Yes, of course. I wasn't thinking. Maybe make it explicit. Silly rabbit 18:40, 24 May 2007 (UTC)
Maybe I'm in a minority of one, but I do see the Clifford algebras as a natural place to start in a survey of different types of hypercomplex numbers. I suppose it depends on what properties of complex numbers you view as most characteristic, but Clifford algebras seem to me to be the class of hypercomplex numbers which most faithfully extend the most characteristic features of complex numbers -- namely their association with rotations; and the complex analysis calculus results of functions of a complex variable, such as Cauchy's integral theorem, which naturally find higher dimensional analogues in Clifford analysis.
Ok, I see where you're coming from (complex numbers <-> geometry). Still, I think perhaps the treatment of Clifford algebras should come later, after the combinatorial mucking-about with quaternions, Cayley algebras, etc. The way it stands now, the ek look too much like the ik for my comfort. Silly rabbit 18:40, 24 May 2007 (UTC)
Not just geometry, but all the results of complex analysis too. As for the ek and ik -- they should look similar, shouldn't they? The eks are the iks. Jheald 19:12, 24 May 2007 (UTC)
No. The ek aren't a basis. I know it's a rather fine distinction. You say: well, obviously I mean that {e1, ..., e1e2, ..., etc} is the basis. But I think that the *first* definition of a hypercomplex system really should fit the model given in the definition. Example:
The quaternions are the hypercomplex system with i12 = i22 = i32 = -1, and i1i2 = i3, i2i3 = i1, i3i1 = i2. It's a direct example of the definition. No need to introduce quadratic forms, distinguished elements (your ei). It obviously and unobjectionably fits the bill of a hypercomplex system. All I'm saying is that the Clifford algebra is more subtle. Silly rabbit 19:36, 24 May 2007 (UTC)
So that's why I see the Clifford algebras as the most straightforward and feature-preserving of the various possible higher dimensional analogues of complex numbers presented in this article. But I'm happy that other people might foreground the preserving other properties of C by other families of algebras, as being more characteristic. YMMV.
A reader is likely to want to know what distinguishes the general conception of a hypercomplex system from a garden-variety Clifford algebra. I don't necessarily disagree, but this page may quite likely be the first time a reader has ever heard of Clifford algebra. So it makes sense to give some presentation of these "garden-variety" hypercomplex numbers first, I would argue. Jheald 18:25, 24 May 2007 (UTC)

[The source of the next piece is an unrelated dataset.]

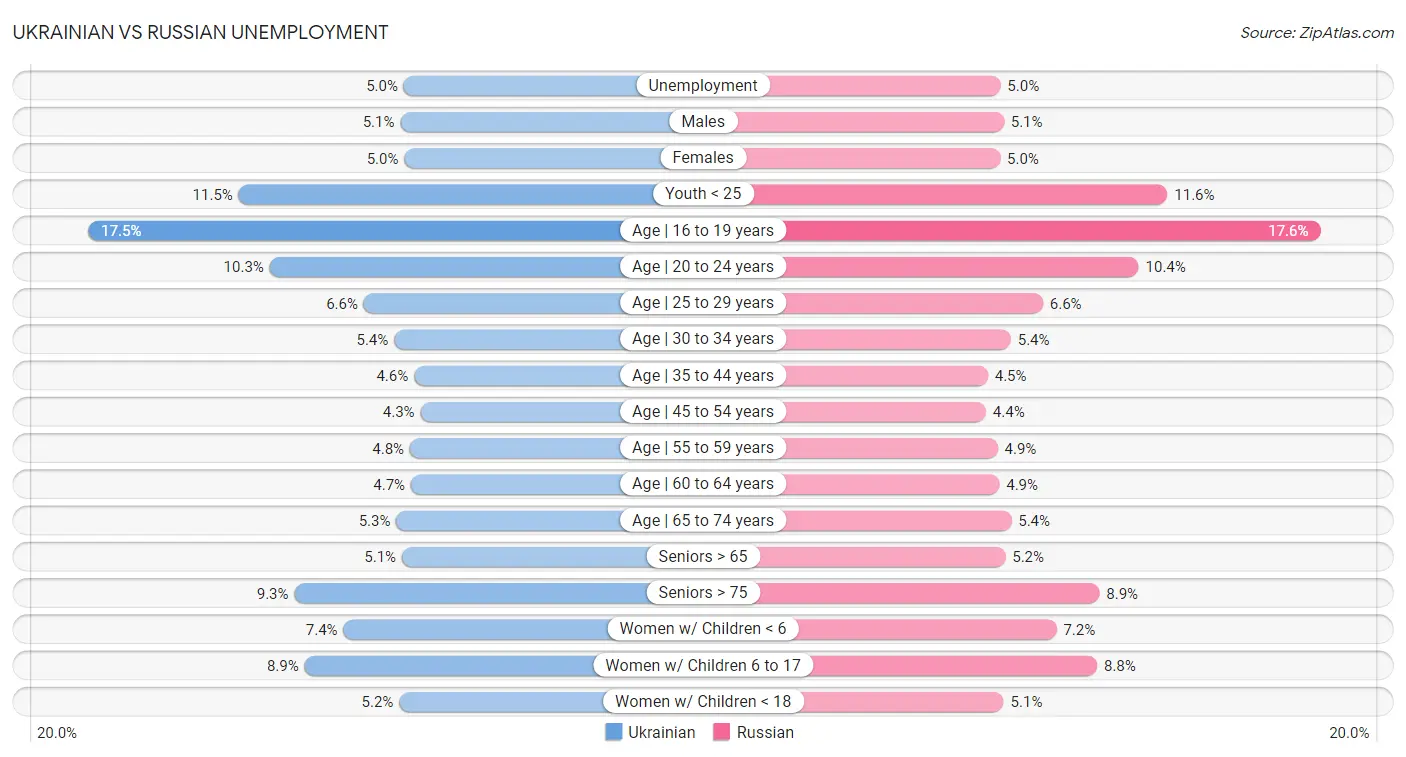 Ukrainian vs Russian Unemployment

Ok, see my comment above. The definition of a Clifford algebra doesn't fit naturally in with the general treatment of hypercomplex numbers. If you want to see how the definition works in examples, then writing down the relations among the ik should be a priority rather than implicitly relying on the closure of the Clifford algebra to give you these relations. Think quaternions first. Maybe then Clifford algebras. Also, its probably better to start with something familiar to all readers. Chances are, anyone coming across this page has heard of quaternions at least.

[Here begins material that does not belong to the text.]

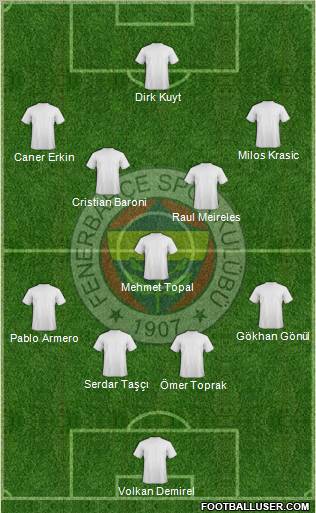 Fenerbahçe SK Formation 2012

What part of the definition of hypercomplex numbers presented in this article are you suggesting a Clifford algebra doesn't fit in with? The point, surely, is that different families of sorts of hypercomplex numbers have different family relations among the ik. The Clifford algebra codifies one particular (somewhat prescriptive) set of relations, which lead to systems of numbers which preserve certain aspects of the properties of complex numbers.
As for quaternions, I would see them firstly as a paradigmatic example of a Clifford algebra/geometric algebra. That's surely the easiest way in to their geometic properties and general physical usefulness; and it's the Clifford algebras which preserve those properties into algebras defined for other spaces.
And, if we're going to be putting Clifford algebras in detail, why not exterior algebras as well? Surely these are more easily described than Clifford algebras. Silly rabbit 18:40, 24 May 2007 (UTC)
Well, because we're assuming a metric, and that addition is defined between arbitrary elements of the algebra. The latter in particular tends to be part of what we look for in a "number". Jheald 19:12, 24 May 2007 (UTC)
You can assume a metric if you want to. But there is nothing in the article that makes it a requirement. Silly rabbit 19:36, 24 May 2007 (UTC)
And, by the way, you can add elements of different homogeneous degrees in the exterior algebra. Actually, it's done quite frequently in some circles. Silly rabbit 19:46, 24 May 2007 (UTC)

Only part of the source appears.